En l’espèce, le 28 décembre 2006, plusieurs personnes ont constitué la société civile immobilière de la Brie (la SCI) en vue de l’acquisition d’un terrain sur lequel devait être édifié un immeuble à usage industriel et de bureaux. Par acte authentique du 11 juillet 2008, les sociétés OSEO financement, devenue Bpifrance financement, CMCIC lease, Natiocrédibail et Fortis lease ont conclu avec la SCI un contrat de crédit-bail destiné à financer l’acquisition du terrain et la construction de l’immeuble. Un avenant a été conclu également par acte authentique du 4 décembre 2009 destiné à financer la réalisation de travaux supplémentaires, garanti par un engagement de caution solidaire souscrit par M. B… X…, gérant de la SCI. Cependant, la SCI, s’est retrouvée défaillante.
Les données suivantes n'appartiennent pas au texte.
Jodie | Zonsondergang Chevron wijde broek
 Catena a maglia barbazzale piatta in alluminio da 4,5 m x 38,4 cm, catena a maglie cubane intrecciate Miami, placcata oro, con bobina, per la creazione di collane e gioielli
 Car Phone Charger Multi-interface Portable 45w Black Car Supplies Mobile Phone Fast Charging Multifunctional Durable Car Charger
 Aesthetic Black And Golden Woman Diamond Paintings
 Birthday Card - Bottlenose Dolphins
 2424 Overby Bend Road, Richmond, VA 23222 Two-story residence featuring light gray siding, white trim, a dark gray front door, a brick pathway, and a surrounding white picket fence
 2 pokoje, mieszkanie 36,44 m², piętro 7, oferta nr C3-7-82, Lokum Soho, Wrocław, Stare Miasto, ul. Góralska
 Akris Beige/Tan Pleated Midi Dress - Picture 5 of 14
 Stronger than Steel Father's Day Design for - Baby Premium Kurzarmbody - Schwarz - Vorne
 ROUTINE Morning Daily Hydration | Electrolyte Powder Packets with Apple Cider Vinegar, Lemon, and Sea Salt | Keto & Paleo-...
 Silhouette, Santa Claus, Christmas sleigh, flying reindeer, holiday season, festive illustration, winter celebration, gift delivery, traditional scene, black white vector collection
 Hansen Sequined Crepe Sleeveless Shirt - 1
Une ordonnance de référé du 6 septembre 2013 a constaté l’acquisition de la clause résolutoire insérée au contrat. En conséquence, la SCI et ses associés ont assigné les crédits-bailleurs en responsabilité pour manquement à leur devoir de mise en garde et de conseil lors de la conclusion du crédit-bail et de son avenant. Finalement, la SCI a été mise en liquidation judiciaire, les crédits-bailleurs ont appelé le liquidateur en intervention forcée et demandé reconventionnellement la fixation de leur créance au passif de la SCI, ainsi que la condamnation des associés et de la caution à leur payer les sommes dues à la suite de la résiliation du crédit-bail.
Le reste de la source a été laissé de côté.